Projection Roundtable (Part 2)

by David Gassko
August 1, 2006

Note: You can read Part 1 here.

The cool thing about looking forward towards the future is that we don’t really know what it holds. We can fantasize about peace in the Middle East or the Pirates making the playoffs because we can never predict what will happen. And yet, in any area, whether it be political relations or baseball, there are people trying to do just that.

Since The Hardball Times is not a political website, we’ll leave that alone and instead let’s focus on baseball. Baseball projections are a multi-million dollar business in the U.S., with huge demand for fantasy information. Everyone from fantasy baseball players to major league teams relies on getting the best and most accurate projections to win. And yet there’s still so much to be discovered and understood about how to best predict the future.

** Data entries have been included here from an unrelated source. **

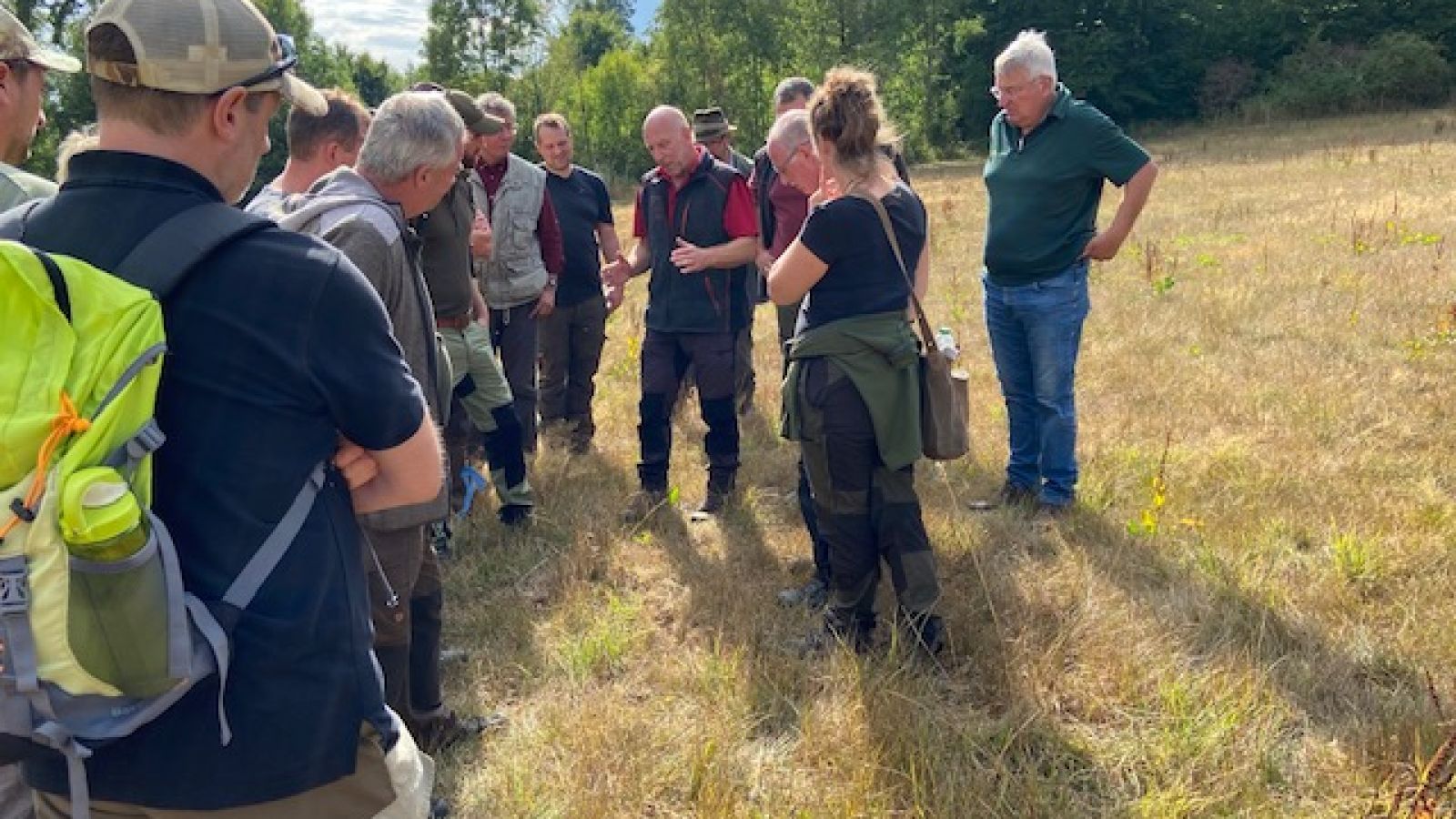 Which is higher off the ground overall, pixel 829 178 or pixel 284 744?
pixel 829 178

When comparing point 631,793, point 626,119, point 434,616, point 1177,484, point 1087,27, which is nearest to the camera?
point 631,793

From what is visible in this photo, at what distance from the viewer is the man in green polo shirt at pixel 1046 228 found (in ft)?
14.9

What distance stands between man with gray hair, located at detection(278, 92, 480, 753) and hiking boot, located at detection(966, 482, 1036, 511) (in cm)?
288

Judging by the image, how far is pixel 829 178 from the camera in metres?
3.47

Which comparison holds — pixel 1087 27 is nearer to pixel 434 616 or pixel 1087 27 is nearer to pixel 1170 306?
pixel 1170 306

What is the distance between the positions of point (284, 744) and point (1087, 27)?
4843 centimetres

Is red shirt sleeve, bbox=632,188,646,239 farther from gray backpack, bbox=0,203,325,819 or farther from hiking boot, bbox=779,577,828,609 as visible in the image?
gray backpack, bbox=0,203,325,819

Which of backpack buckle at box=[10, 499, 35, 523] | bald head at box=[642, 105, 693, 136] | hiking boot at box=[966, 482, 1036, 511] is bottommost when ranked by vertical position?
hiking boot at box=[966, 482, 1036, 511]

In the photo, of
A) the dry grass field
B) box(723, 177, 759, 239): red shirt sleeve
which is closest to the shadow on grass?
the dry grass field

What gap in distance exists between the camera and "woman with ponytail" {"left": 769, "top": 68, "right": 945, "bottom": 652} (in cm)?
337

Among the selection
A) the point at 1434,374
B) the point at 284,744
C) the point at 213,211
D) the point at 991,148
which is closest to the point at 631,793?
the point at 284,744

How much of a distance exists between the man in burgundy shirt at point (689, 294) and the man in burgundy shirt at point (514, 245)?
2.47 feet

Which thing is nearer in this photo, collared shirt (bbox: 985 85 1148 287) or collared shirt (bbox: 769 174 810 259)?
collared shirt (bbox: 985 85 1148 287)

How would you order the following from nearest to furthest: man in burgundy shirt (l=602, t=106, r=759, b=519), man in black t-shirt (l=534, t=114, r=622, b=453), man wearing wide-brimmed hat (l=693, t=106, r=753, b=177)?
man in burgundy shirt (l=602, t=106, r=759, b=519)
man in black t-shirt (l=534, t=114, r=622, b=453)
man wearing wide-brimmed hat (l=693, t=106, r=753, b=177) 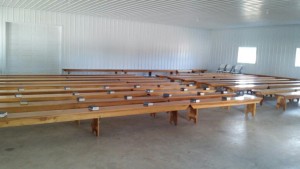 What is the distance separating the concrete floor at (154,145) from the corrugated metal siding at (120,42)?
6.13m

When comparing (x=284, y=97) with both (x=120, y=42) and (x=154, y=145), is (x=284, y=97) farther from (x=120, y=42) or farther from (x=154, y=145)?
(x=120, y=42)

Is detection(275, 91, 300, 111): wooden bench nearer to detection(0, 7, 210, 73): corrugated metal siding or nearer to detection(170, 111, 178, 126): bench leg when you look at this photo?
detection(170, 111, 178, 126): bench leg

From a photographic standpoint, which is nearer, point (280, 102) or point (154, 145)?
point (154, 145)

To help facilitate some discussion of this issue, I gathered most of the best forecasters in the business for a round table that will run Monday through Friday in five parts. Besides me (David Gassko), the participants were:

Chris Constancio, who writes a weekly column for The Hardball Times and publishes his projections for minor leaguers at FirstInning.com.

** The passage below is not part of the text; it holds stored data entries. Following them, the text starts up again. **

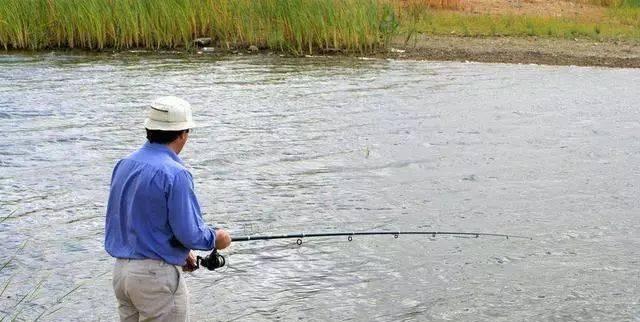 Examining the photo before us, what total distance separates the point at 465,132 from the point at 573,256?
4.80 meters

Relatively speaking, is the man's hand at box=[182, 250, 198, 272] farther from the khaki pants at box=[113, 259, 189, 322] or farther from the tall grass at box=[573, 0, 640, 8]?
the tall grass at box=[573, 0, 640, 8]

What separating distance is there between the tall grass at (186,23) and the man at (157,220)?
14401 mm

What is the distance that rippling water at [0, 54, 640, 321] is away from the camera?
6.61 meters

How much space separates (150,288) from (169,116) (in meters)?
0.75

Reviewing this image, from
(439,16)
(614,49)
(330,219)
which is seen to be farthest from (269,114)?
(439,16)

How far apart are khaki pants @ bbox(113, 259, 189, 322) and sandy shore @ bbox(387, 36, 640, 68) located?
15.0 metres

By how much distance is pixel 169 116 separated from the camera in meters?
4.42

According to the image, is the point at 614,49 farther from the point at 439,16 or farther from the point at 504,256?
the point at 504,256

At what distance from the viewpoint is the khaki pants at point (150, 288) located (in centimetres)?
444

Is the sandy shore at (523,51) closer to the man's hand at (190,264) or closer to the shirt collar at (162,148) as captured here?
the man's hand at (190,264)

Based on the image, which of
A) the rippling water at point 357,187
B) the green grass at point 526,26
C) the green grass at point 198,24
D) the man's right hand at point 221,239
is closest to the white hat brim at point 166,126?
the man's right hand at point 221,239

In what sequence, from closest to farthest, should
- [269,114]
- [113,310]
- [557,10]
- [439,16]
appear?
[113,310] → [269,114] → [439,16] → [557,10]

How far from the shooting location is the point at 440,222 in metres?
8.27

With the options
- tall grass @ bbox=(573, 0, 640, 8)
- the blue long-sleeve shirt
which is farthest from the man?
tall grass @ bbox=(573, 0, 640, 8) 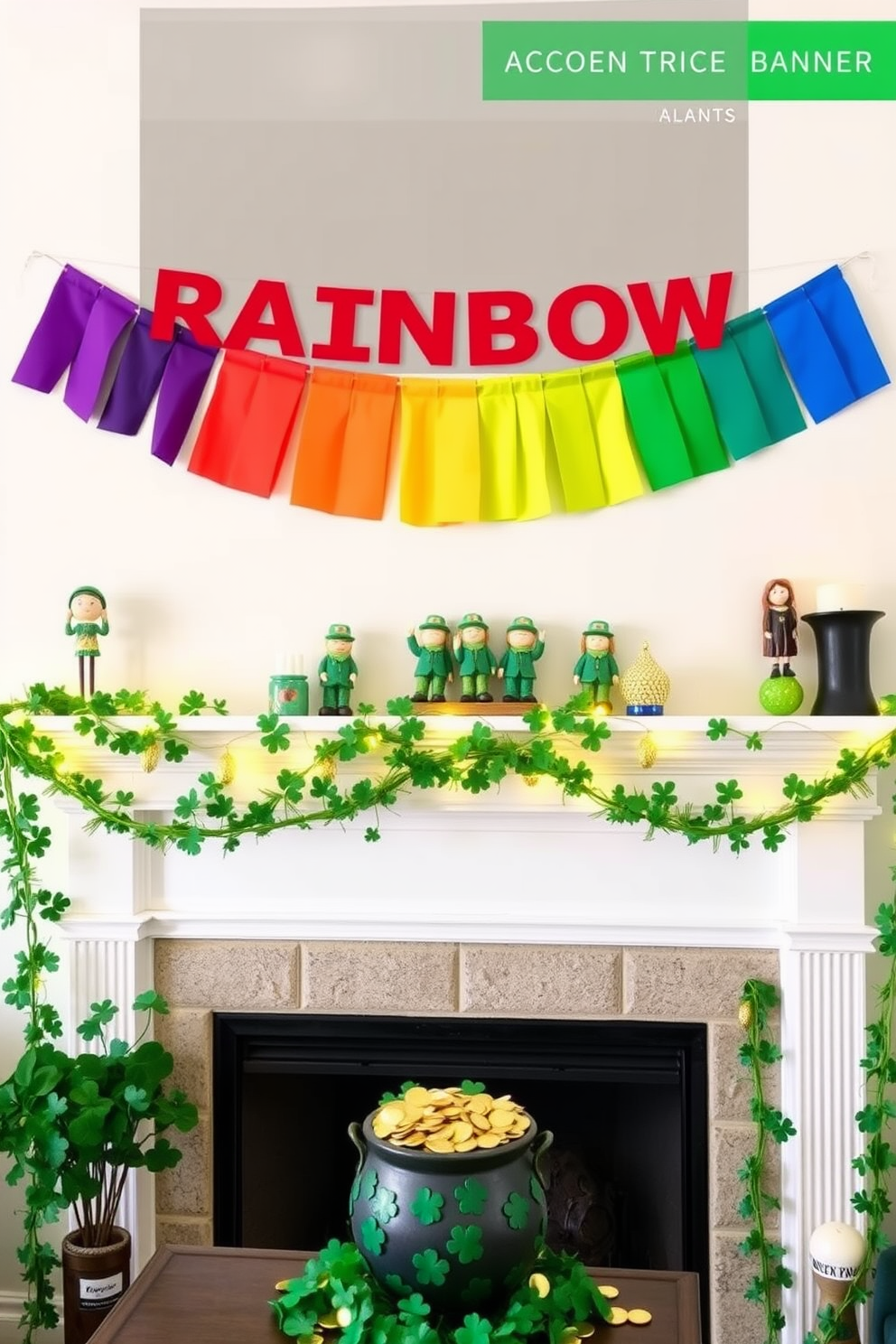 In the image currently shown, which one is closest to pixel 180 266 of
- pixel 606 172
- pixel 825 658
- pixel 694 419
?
pixel 606 172

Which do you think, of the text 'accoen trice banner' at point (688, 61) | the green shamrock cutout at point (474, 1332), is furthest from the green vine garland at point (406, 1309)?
the text 'accoen trice banner' at point (688, 61)

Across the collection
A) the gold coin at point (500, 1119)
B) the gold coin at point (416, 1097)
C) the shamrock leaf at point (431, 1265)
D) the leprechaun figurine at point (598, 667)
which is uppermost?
the leprechaun figurine at point (598, 667)

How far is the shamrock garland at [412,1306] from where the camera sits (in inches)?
47.6

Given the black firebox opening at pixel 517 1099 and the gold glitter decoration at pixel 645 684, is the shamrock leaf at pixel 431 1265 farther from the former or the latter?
the gold glitter decoration at pixel 645 684

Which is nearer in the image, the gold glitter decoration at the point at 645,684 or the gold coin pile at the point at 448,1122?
the gold coin pile at the point at 448,1122

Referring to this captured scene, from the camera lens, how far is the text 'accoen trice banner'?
208cm

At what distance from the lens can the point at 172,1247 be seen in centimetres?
158

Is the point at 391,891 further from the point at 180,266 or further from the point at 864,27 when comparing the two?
the point at 864,27

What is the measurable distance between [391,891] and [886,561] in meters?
1.10

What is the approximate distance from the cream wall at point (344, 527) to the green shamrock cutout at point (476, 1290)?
1.10 m

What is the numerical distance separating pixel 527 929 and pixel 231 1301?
2.74ft

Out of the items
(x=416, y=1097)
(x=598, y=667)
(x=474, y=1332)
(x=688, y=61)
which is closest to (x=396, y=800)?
(x=598, y=667)

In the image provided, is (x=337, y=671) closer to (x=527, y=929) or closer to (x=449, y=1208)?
(x=527, y=929)

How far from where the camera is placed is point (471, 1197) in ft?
3.97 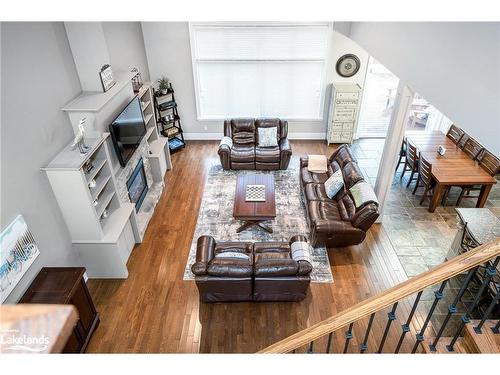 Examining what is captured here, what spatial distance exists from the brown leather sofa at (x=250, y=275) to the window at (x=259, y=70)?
471 centimetres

Mitchel Lichtman, who is a co-author of The Book – Playing the Percentages in Baseball. He has been doing sabermetric research for almost 20 years, and for two years was the senior advisor for the St. Louis Cardinals.

Voros McCracken, who is most famous for his invention of Defensive Independent Pitching Statistics (DIPS), and is a former consultant for the Boston Red Sox.

Dan Szymborski, who is Editor-in-Chief of Baseball Think Factory, and publishes the ZiPS projection system.

Tom Tango, who co-authored a baseball strategies book called The Book – Playing The Percentages In Baseball, which is available at Inside The Book.

Ken Warren, who started doing player projections and studying baseball statistics in 1992, when he was totally unsatisfied with the projections that STATS was publishing in their annual handbook, and Bill James’ claim that he couldn’t or wouldn’t project pitchers until they had 500 major league innings. Since then he has been continually adding little bits of sophistication and complexity to his system, and has noticed small improvements in accuracy over the years.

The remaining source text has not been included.